▸ **Data records**

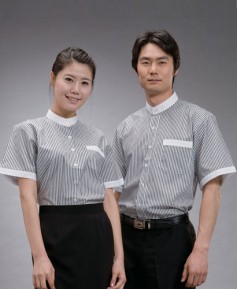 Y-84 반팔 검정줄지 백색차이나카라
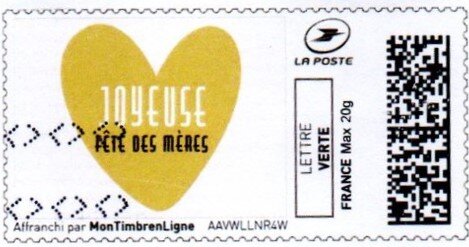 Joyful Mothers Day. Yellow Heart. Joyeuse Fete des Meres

--

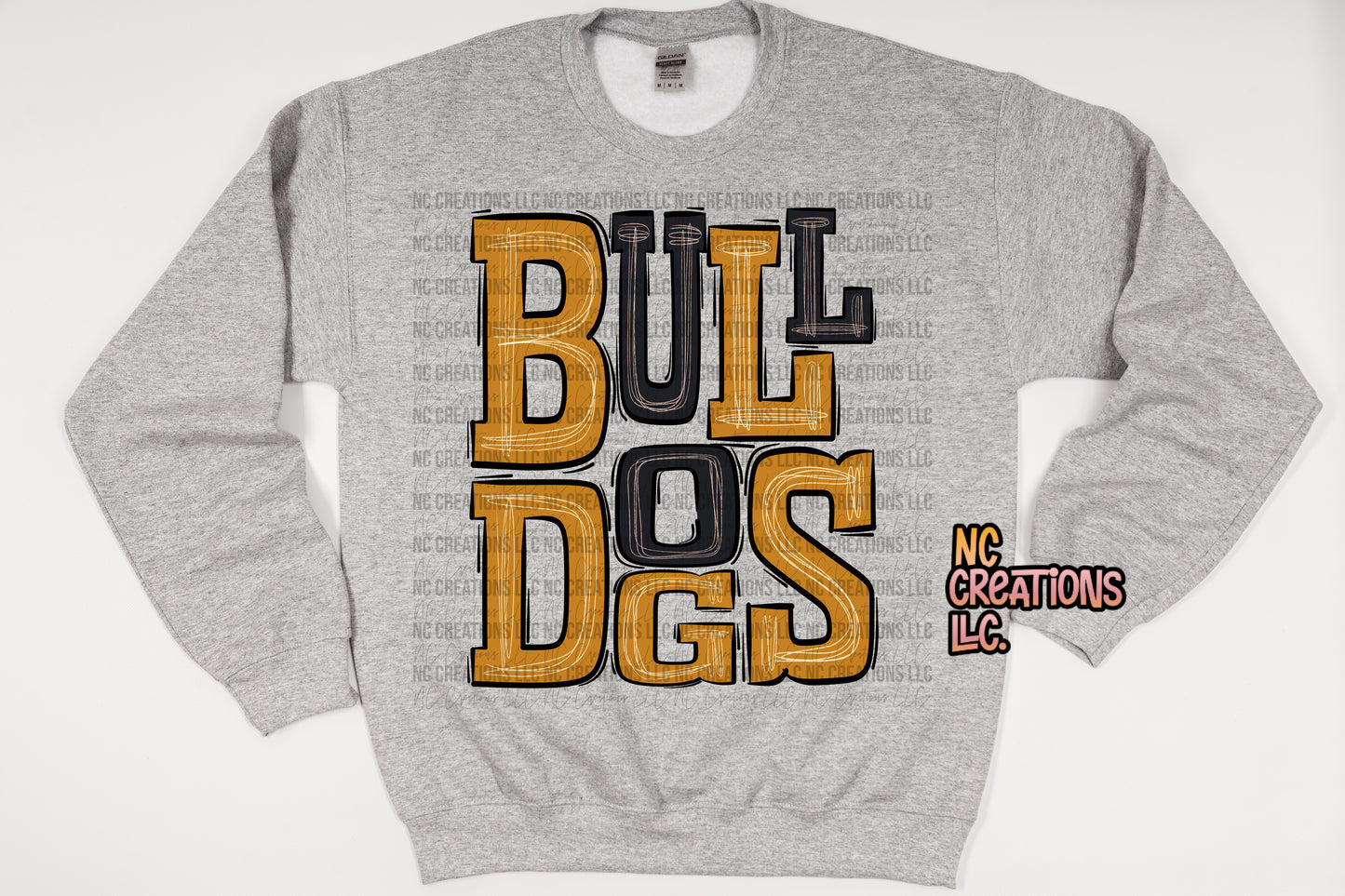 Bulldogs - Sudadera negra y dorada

▸ **What is required**
Go to the line above that contains "Y-84 반팔 검정줄지 백색차이나카라" and reproduce everything exactly from there through the line that contains "Joyful Mothers Day.", leaving out the pictures.

▸ **Your response**
 Y-84 반팔 검정줄지 백색차이나카라
 Joyful Mothers Day. Yellow Heart. Joyeuse Fete des Meres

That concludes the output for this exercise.